What About a Carbon Tax?
Instead of a cap-and-trade system, a carbon tax could be used to cause a reduction in greenhouse gas emissions. For example, the government could charge emitters $60 per ton of emissions. Extending the above example, Plant A and Plant B would again voluntarily reduce their emissions, as long as the cost per ton of doing so were less than $60. Once the marginal cost of further emissions reductions reached $60 per ton, each plant would simply pay the tax on its remaining emissions.
The result would be just the same as with the cap-and-trade scenario cited above. Total emissions for the year would be reduced from 1,000 tons to 700 tons. Plant A would emit 500 tons, and Plant B would emit 200 tons.
The reason that the outcome would be the same is that the $60 rate at which carbon is being taxed happens to be the one that causes Plants A and B to voluntarily reduce their emissions by 100 tons and 200 tons, respectively, in the cap-and-trade scenario. If the tax rate were set at, say, $55 or $65 per ton, the two plants would arrive independently at other levels of reduction. A $55 rate would achieve lower emissions reductions overall. A $65 rate would achieve higher reductions. Both alternative tax rates would fail to strike an optimal balance between the two plants’ reduction levels: the ones at which the average cost per ton of making the reductions is as low as possible across the system as a whole.
Only when the tax rate happens to match the allowance price in the cap-and-trade scenario — the one that would match the two plants’ marginal costs of making reductions — would the carbon tax achieve the lowest possible total price of emissions reductions.
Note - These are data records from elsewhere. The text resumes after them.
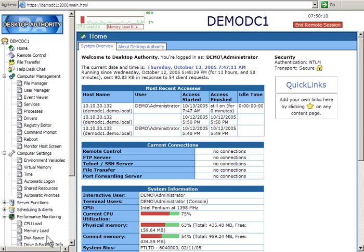You can access a user's computer through the Desktop Authority Manager or through any standard Java-enabled browser. No longer are you tied to a specific computer in order to connect to and manage desktops.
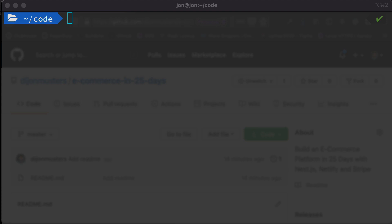Hello and welcome back to this video series where we're looking at building an e-commerce platform over 25 days using Next, Netlify, and Stripe. Congratulations for making it this far — we're up to video two. This will be the first video where we'll actually be writing some code, which is exciting. So let's jump right in.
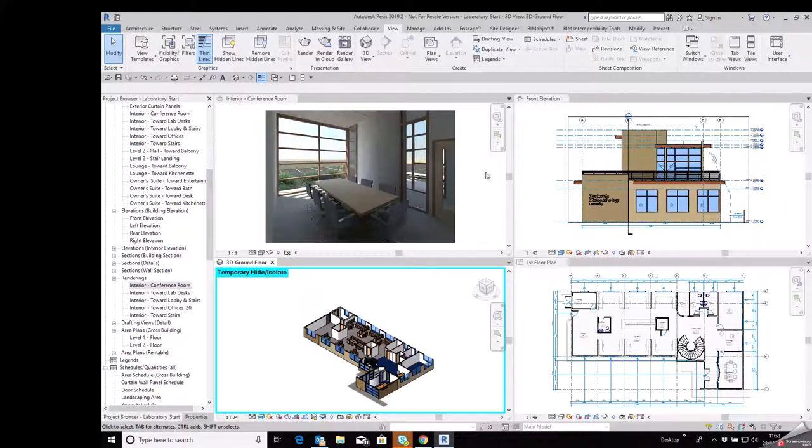OK, so I will get back to you in the not-too-distant future with some other short tutorials in Revit Architecture 2019. Until then, take care and goodbye.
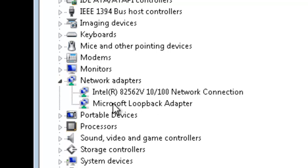You'll notice now the Microsoft Loopback Adapter is listed in the Network Adapters. Thank you for watching.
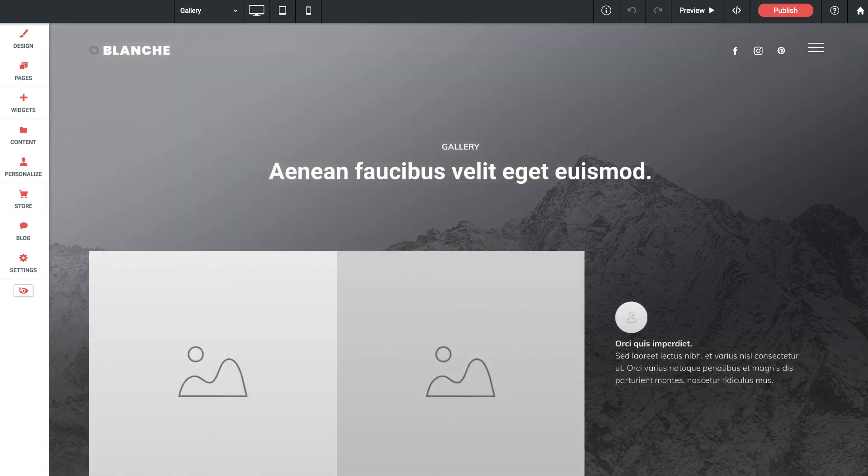So that's it for our Blanche wireframe overview. I hope you enjoy working with this layout and let us know what you think. Cheers!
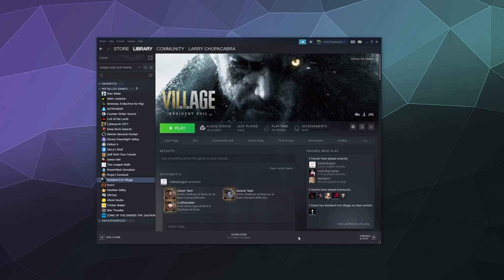Welcome back ladies and gentlemen to the Chupacabra tutorials channel. I'm your host Larry and today I'm going to share with you one of the main reasons why Resident Evil will crash at startup on Windows 10 machines. The simple answer is there is an audio service running in the background that's supposed to enhance your audio that can cause different issues and instabilities in the game and cause it to crash on startup.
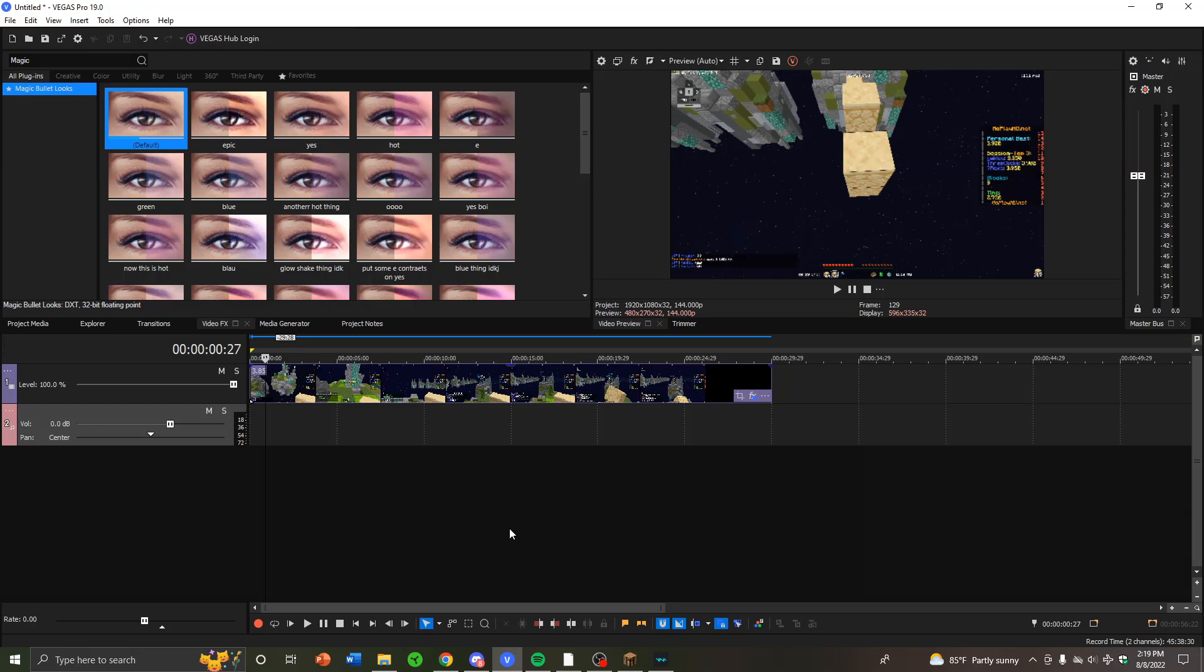Hello, welcome to the editing tutorial. I'm going to be going over three plugins and the effects I use and how to use some of them. The three plugins will be Magic Bullet Looks, Universe, and Sapphire. I will also show how to do a chat reaction as a bonus effect at the end.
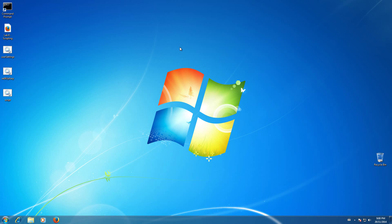The password reset disk will be able to change any password you forget from here on out on your system. Even if you go in and change your user password, say once a week or whatever, it will still be able to change those passwords. You don't have to make one for every single password that you create.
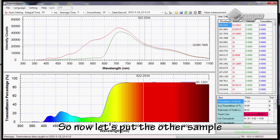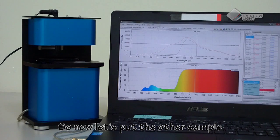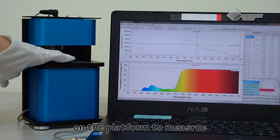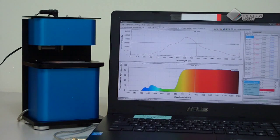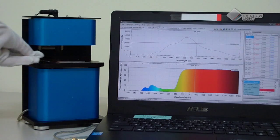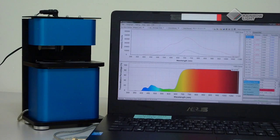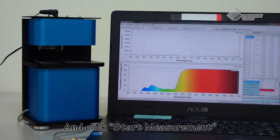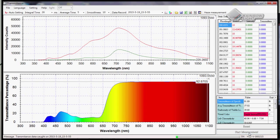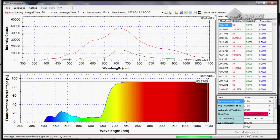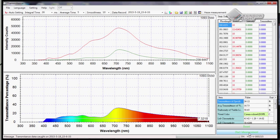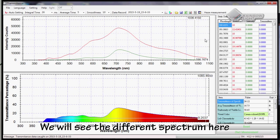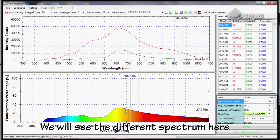Now let's put the other sample on the platform to measure. Click start measurement. We will see a different spectrum here.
A carbon tax puts the burden on policymakers to set the right tax rate or lose control over both the overall amount of emissions and the total cost of making reductions.
Thus, my primer on the advantages of cap-and-trade. To repeat: a cap-and-trade system beats a carbon tax because it sets a firm cap on greenhouse gases that can be emitted and lets a marketplace in emissions allowances find the lowest-cost way to comply with the cap. In so doing, the market puts the lowest possible price on carbon emissions, so the cost to the economy of a given size of cap is at a minimum.
A carbon tax puts a tax of a known rate on carbon emissions, but if policymakers set the rate wrong, greenhouse-gas emissions might not be reduced as much as hoped, or the costs of making the reductions might be unnecessarily high — or both.